On the field, McKennie has been a mainstay with Schalke's U-19s and he lists breaking into the first team as a top goal for 2017. A box-to-box midfielder, he has brought energy and skill to the team. His leadership, however, is a noticeable attribute.

He claims he was a "little" surprised when he was first asked to wear the captain's armband.

“That’s really because in the beginning of the year the coach came to me and said, 'So I hear you’re a leader?’ McKennie said. "I said, ‘Yes, sir.’ And he said ‘OK.’ He gave me a heads up that maybe he sees me as a leader too. I was a little bit nervous at first but it is a challenge I like to take on and I am willing to accept.

"It’s a real honor every time.”

Turning ahead to May when the United States will take part in the U-20 World Cup, there's a strong likelihood that McKennie will find himself in the starting lineup for the critical opener against Ecuador. As a player who was not seen as a top American prospect at the U-17 level, McKennie is eager to be part of a promising U-20 team.

During World Cup qualifying, McKennie supported the team and had hoped to be part of it until Schalke denied his release. But after seeing how the Americans performed in November during his one camp with the U-20s, and then watching the team's success in qualifying, he is very optimistic about South Korea.

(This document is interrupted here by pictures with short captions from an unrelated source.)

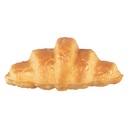 Decoratie croissant 13x7x5 cm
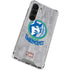 NBA Minnesota Timberwolves Hardwood Classics Galaxy S23 Clear Case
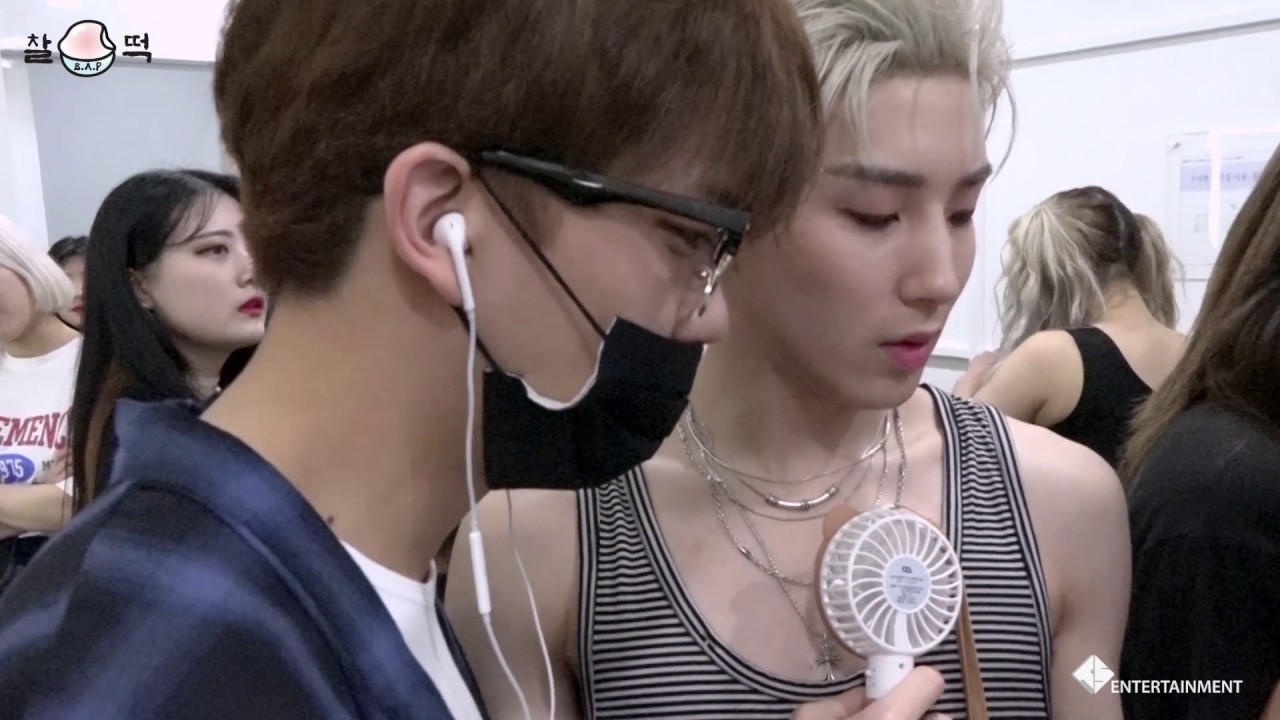 [찰떡B.A.P] DAEHYUN x JONGUP PROJECT ALBUM [PARTY BABY] 활동 비하인드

“I followed them in qualifying and read every article I could get my hands on,” McKennie said. “I would watch them over the Internet. It was a very exciting run to watch and very pleasing as well. Tab Ramos tried to get me released for it and we fought very hard, but it didn’t synch with Schalke’s schedule.

"The potential for the team at the World Cup after the qualifiers—I have full confidence and full belief in this team. I think we can win it. I think we have a good potential and a good team.”